In the case of an Erlang distribution with parameters \( n \) and \( \lambda \), the PDF is expressed as: \[ f(z; n, \lambda) = \frac{\lambda^n z^{n-1} e^{-\lambda z}}{(n-1)!} \] This PDF defines the probability of the variable \( Z \) occurring between a range of values for \( z \). It integrates over the range to provide the probability of the variable being less than or equal to a certain threshold. It's crucial to note that the PDF for the Erlang distribution encompasses expressions that involve exponentials and gamma functions, reflecting the distribution's characteristics following a specific shape and rate.

The Cumulative Distribution Function (CDF) is another essential tool in understanding random variables. It provides the probability that a random variable \( Z \) will be less than or equal to a given value \( a \).

In the context of the Erlang distribution, the CDF is defined as the integral of the PDF from 0 to \( a \): \[ \mathrm{P}(Z_n \leq a) = \int_0^a \frac{\lambda^n z^{n-1} e^{-\lambda z}}{(n-1)!} \, dz \] This definition captures the area under the curve of the probability density function up to the value \( a \). The CDF is especially important for quantifying cumulative probabilities over an interval. In simpler terms, it helps us understand the total probability that the variable will fall below a particular threshold, providing a more complete understanding of the distribution's behavior over continuous ranges.

Integration by Parts is a powerful technique derived from the product rule of differentiation. It is frequently used to solve complex integration problems where the direct integration of two multiplied functions isn't straightforward. The formula for Integration by Parts is: \[ \int u \, dv = uv - \int v \, du \] Here, the goal is to choose \( u \) and \( dv \) wisely so that the resulting integral \( \int v \, du \) is simpler to evaluate.
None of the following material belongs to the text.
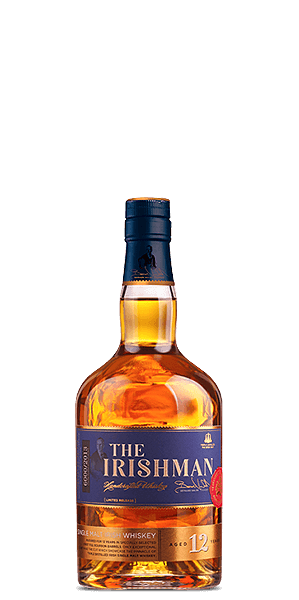 The Irishman 12 Year Old Single Malt Irish Whiskey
In dealing with the CDF of an Erlang distribution, Integration by Parts comes into play by helping us simplify the integral defining the CDF: - Here, let \( u = z^{n-1} \) and \( dv = \frac{\lambda^n e^{-\lambda z}}{(n-1)!} \, dz \).
- Differentiate and integrate to get \( du = (n-1)z^{n-2} \, dz \) and \( v = -\frac{e^{-\lambda z}}{\lambda} \).
- This application allows breaking down the complex integration into manageable parts, ultimately simplifying the evaluation through recursive breakdowns.

The Exponential Distribution is a simpler special case of the Erlang distribution, often used to model the time between events in a process that follows a constant average rate. It is characterized by a single rate parameter \( \lambda \), similar to the rate parameter in the Erlang distribution.

The probability density function for an Exponential Distribution is: \[ f(x; \lambda) = \lambda e^{-\lambda x} \] This function describes the likelihood of time between events being exactly \( x \).

In our context, understanding the Exponential Distribution helps to derive simpler conclusions about the behavior of random variables, particularly when dealing with the sum or combinations of independent exponential variables. This distribution is crucial when we discuss the Erlang-1 distribution \( Z_1 \), which is exactly an Exponential distribution. Understanding this relationship helps in reinterpreting and applying the CDF findings in contexts where exponential variables are at play.